TIME TICKED INTO SLOW MOTION, and I viewed the drama unfolding, seconds parsed into fractions, like a movie frame-by-frame:
1) Moose in the road.
2) Will he stay on his side?
3) Will he veer into mine?
4) Double-tanker hoves into view behind me.
5) Moose turns into our lane, directly ahead of me.
6) SLOW DOWN
7) Hit the hazards.
8) Steer onto shoulder so double tanker can pass me rather than plow into me.
9) Shoulder only 4’ wide. Oh no.
10) Moose, 50 yards ahead.
11) A puppeteer seems to be lift-dropping the moose’s heavy huge hooves as it lopes toward the shoulder in front of me
12) SLOW DOWN
13) Check the mirror.
14) Double tanker bearing down, coming up fast.
15) What?
16) 40 yards away, Moose changes his mind at the shoulder and starts back for the dotted line, again crossing in front me to the other lane of traffic.
17) Wait, what? AGAIN he changes his mind and heads back for the shoulder, and, what?

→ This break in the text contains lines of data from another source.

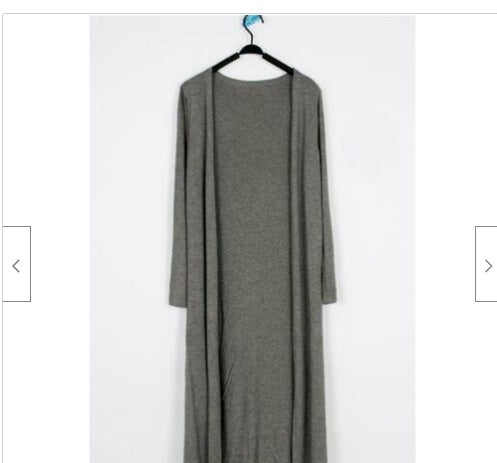 Lightweight black modal drape cardigan with open front and long sleeves by Alabaster
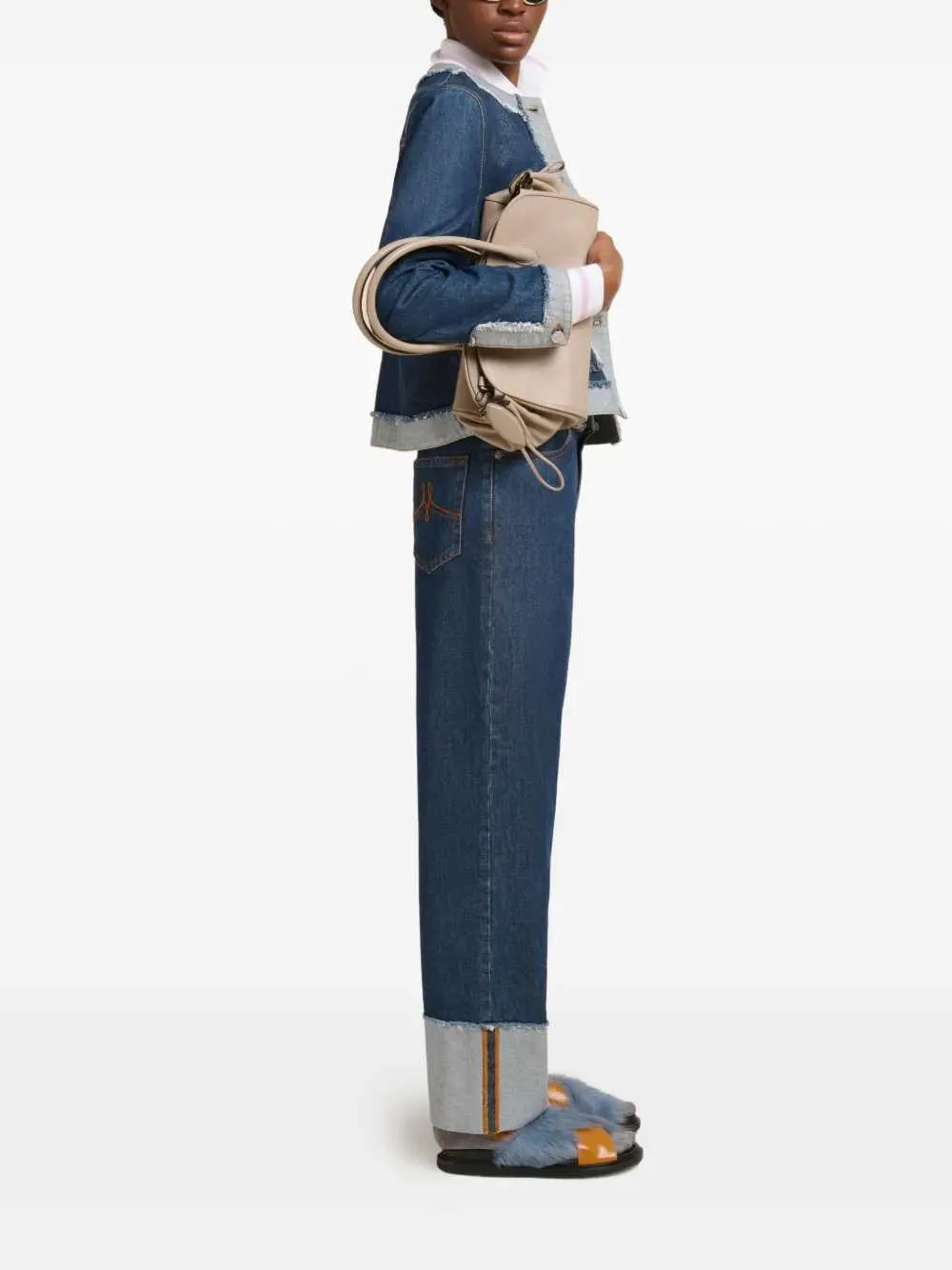 Cuffed Jeans sold by Wanan Luxury product image thumbnail 3
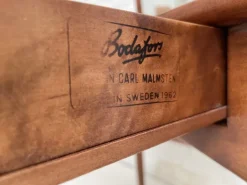 Pamono Model Brigitta Dressing Table & Chair by Carl Malmsten & Yngve Ekström for Bodafors, 1962, Set of 2 New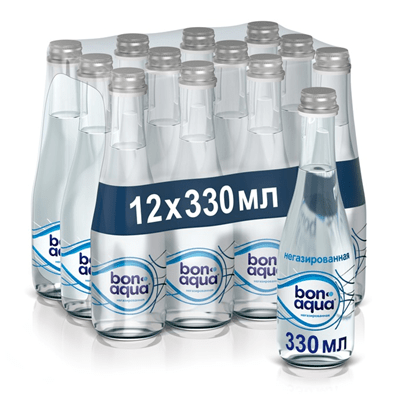 Купить ВОДА BONAQUA БЕЗ ГАЗА БУТИЛИРОВАННАЯ 0,33 Л. Х 12 ШТ. Х 6 ШТ. доставка продуктов тюмень . доставка продуктов в тюмени . доставка фруктов тюмень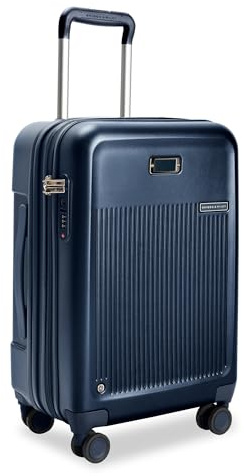 Briggs & Riley Sympatico Hardside Gepäck, Marineblau, 22 Essential Carry-On, Sympatico Hardside Gepäck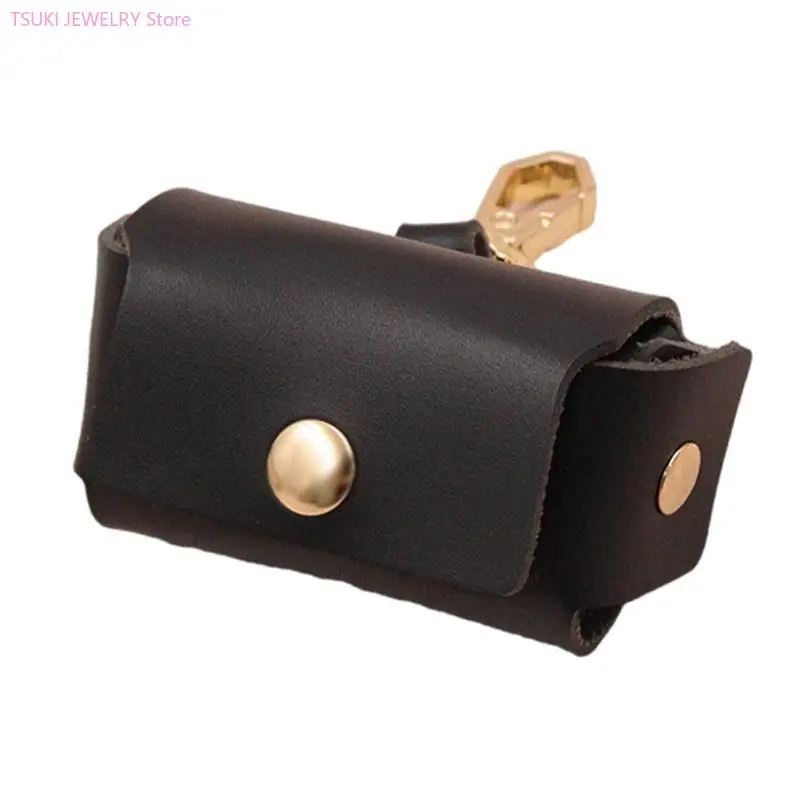 

62KE Versatile PU Leather Ring Containers Beautiful Dog Collar PU Leather Rings Stash Box for Engagement and Wedding Memories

18) Back he goes, in front of me a third time.
19) 30 yards away.
20) This Moose can’t make up his mind, I think.
21) SLOW DOWN
22) What?
23) Another change of mind, back to the dotted line.
24) This Moose is so confused, I think.
25) SLOW DOWN
26) 20 yards away.
27) I can “see" his antlers come through the windshield.

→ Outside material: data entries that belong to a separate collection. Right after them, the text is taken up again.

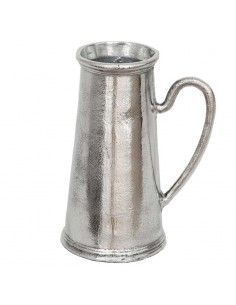 JARRA PLATEADA ALUMNIO 25.5x20x14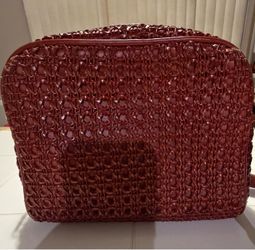 Antik Kraft Woven Leather Crossbody Bag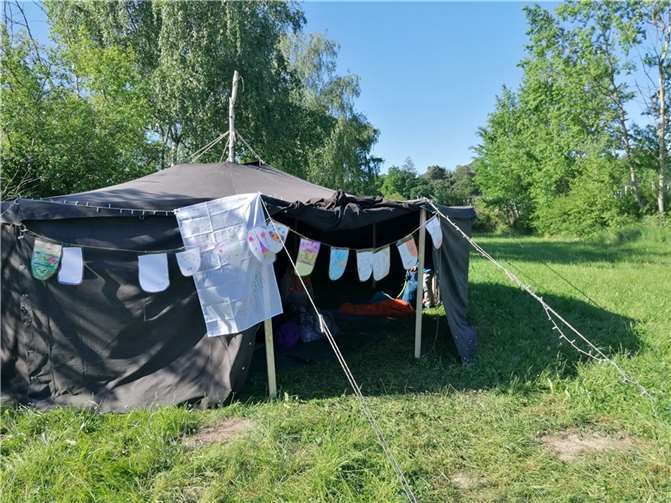Die Jurte (das große Zelt der Pfadfinder*innen). Foto: privat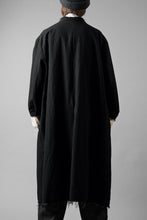 Load image into Gallery viewer, KLASICA "1983" CUT OFF CLASSIC STRAIGHT COAT / ALEXANDER TWILL MATT MIX (COAL BLACK)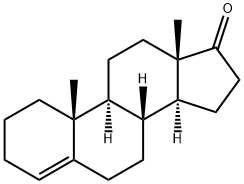 アンドロスタ-4-エン-17-オン 化学構造式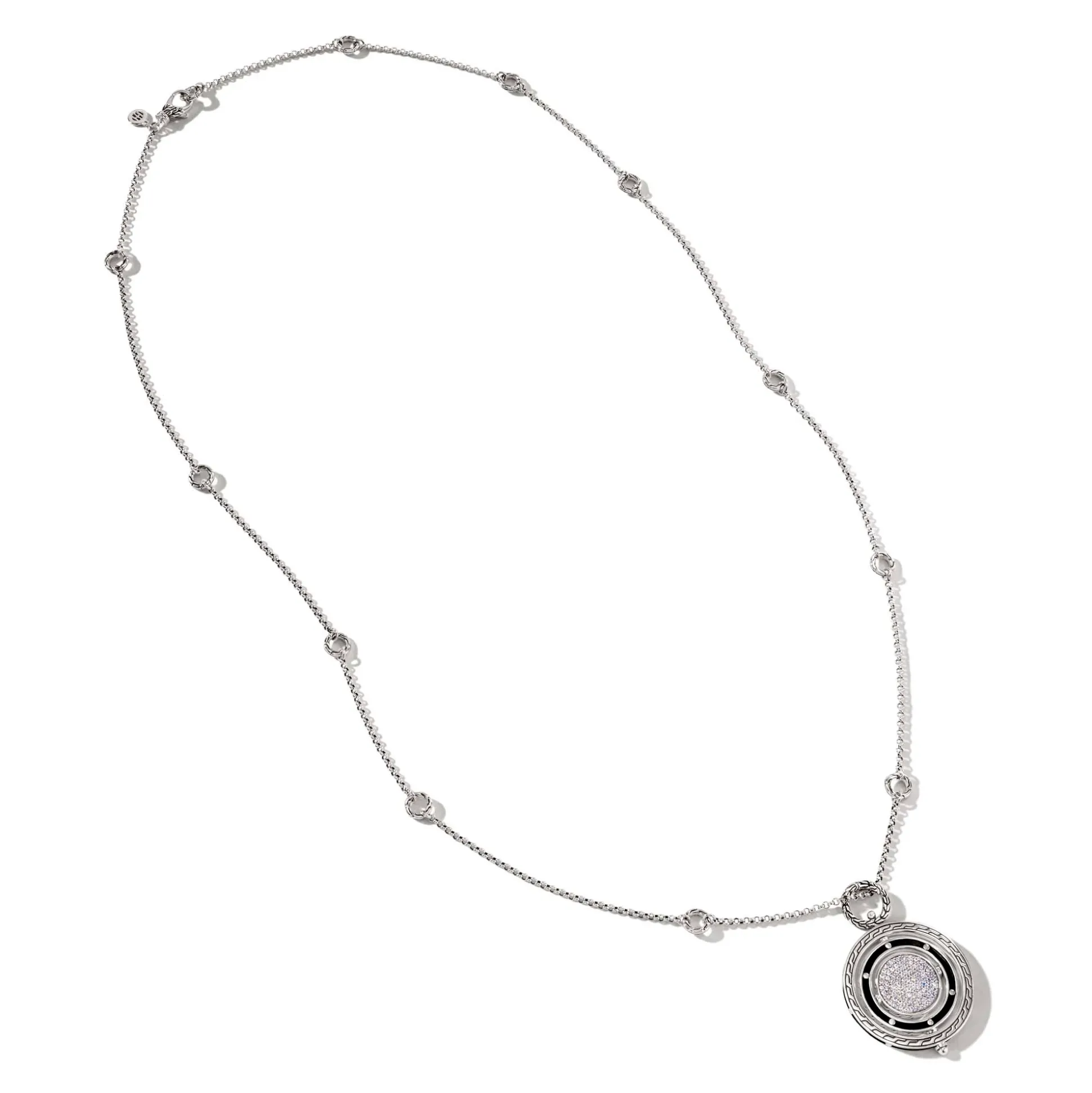 Women John Hardy Pendants^Moon Door Necklace, Sterling Silver, Pave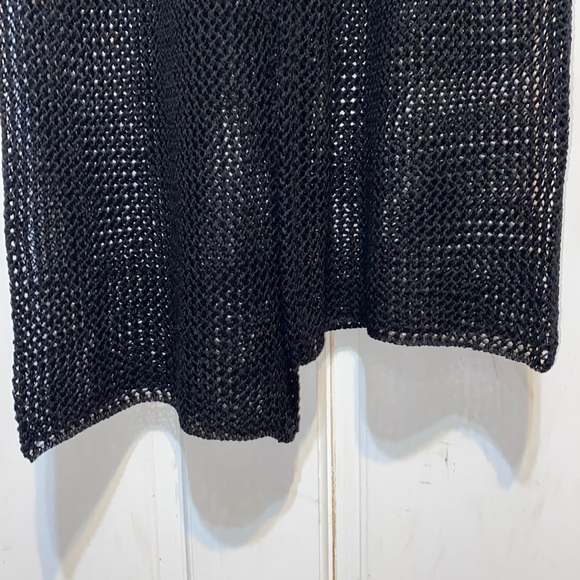 Black knit see thru leggings from TJMAXX labelled xs but fits more like a S/M - Picture 4 of 6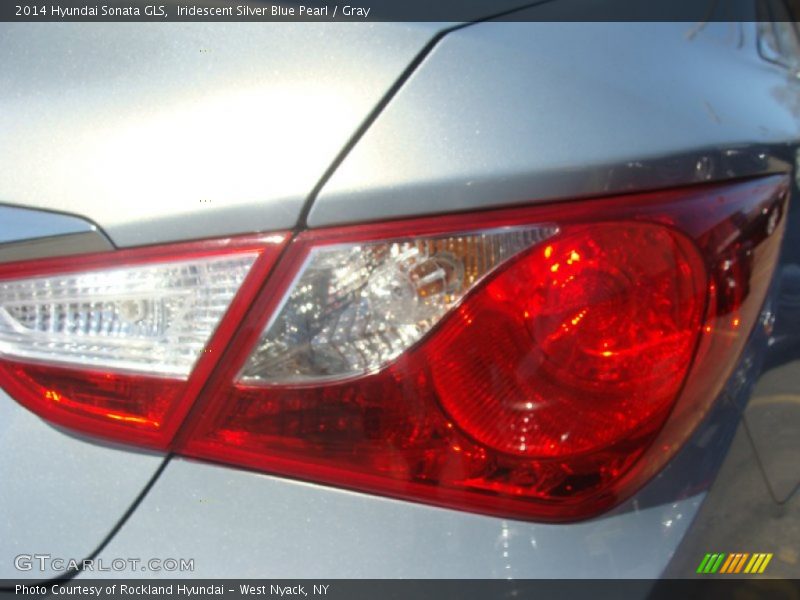 Iridescent Silver Blue Pearl / Gray 2014 Hyundai Sonata GLS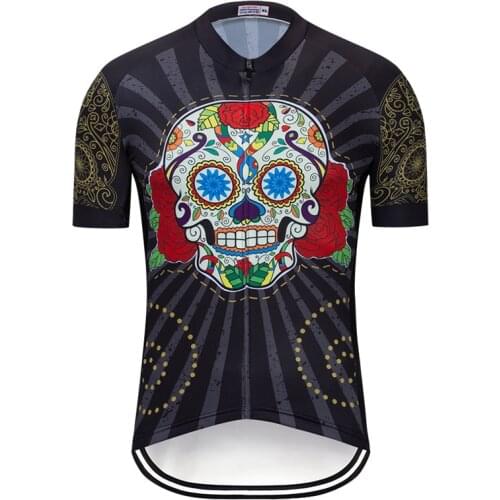 Weimostar High Quality Cycling Jersey Skull Bicycle Clothing Maillot Ciclismo Quick Dry MTB Bike Jersey Anti-sweat Cycling Shirt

28) They’ll decapitate me, I think.
29) What a terrible to die, I think.
30) What a beautiful, clumsy animal, I think.
31) What will be left of me? I wonder, moose whirling—again—a fifth time.
32) He and I are both half on the shoulder, half on the highway.
33) 15 yards away.
34) My car will knock him off his feet.
35) He’ll come through my window.
36) The double tanker on my tail (full of liquid hydrogen peroxide) will mow us both down.

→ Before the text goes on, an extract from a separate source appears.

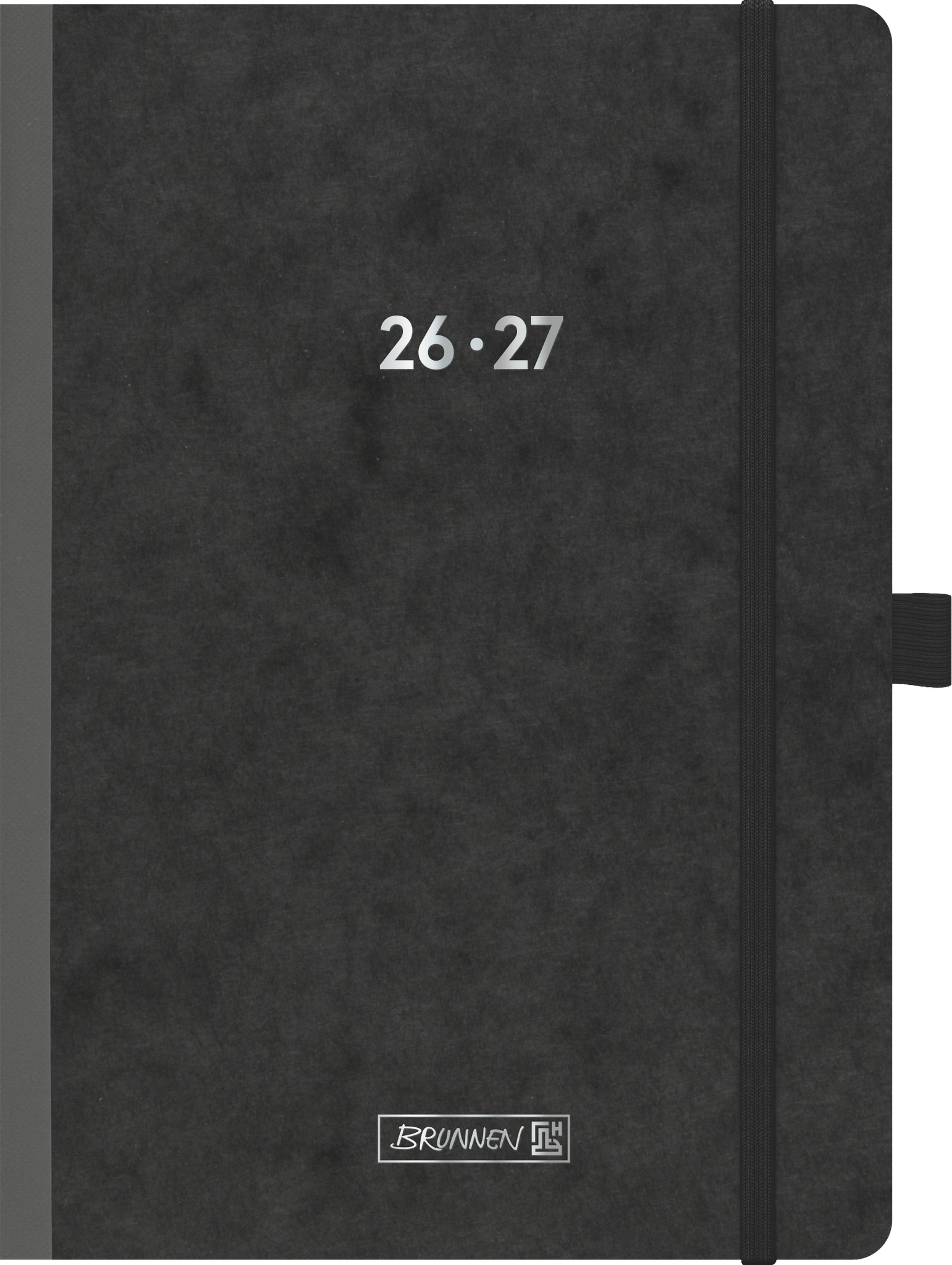 3 x Brunnen Schülerkalender A5 1 Tag/Seite Pressspan schwarz 2026/2027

37) Does hydrogen peroxide explode?
38) Halfway back to the shoulder, Moose again friggin' changes his mind.
39) Right friggin’ in front of me.
40) He turns, head swinging.
41) We face—eyeball to eyeball.
42) 10 yards between us.
43) I hear Cindy Godby’s impassioned prayer the night I leave to drive this road. “God! You must take care of Brenda! You must!”
44) Where will my head land when this moose flies into my window?
45) Moose finishes his whirl, clops into the oncoming traffic lane.
46) I fly by.
47) Moose hindquarters, plain as day, show up above my side mirror, the mirror itself filled with the double tanker's grill and headlights.
48) I hit the gas.
49) Car roars, plunges ahead.
50) Double tanker falls back.
51) Double-tanker grows smaller.
The surreal slow-mo snaps into real time. Lanscape races past. Odd, I think, I can’t hear or feel my heart. My breathing is steady. I should be shaking, I’m not. Why can’t I feel my heart? I replay the scene over and over, every detail—this back and forth of the North’s most irrational and crazy animal. It was as if I was out of body, existence reduced to thought. Still, I should have some kind of physical reaction to something that could have gone so badly wrong in so many ways!
Not until I TELL the story to someone does my heart pound.
"Next time you tell me your woes," says my daughter, "I'll say you could have been decapitated by a moose."
I don't know why I wasn't. Except for Cindy's prayer. How else do you explain it?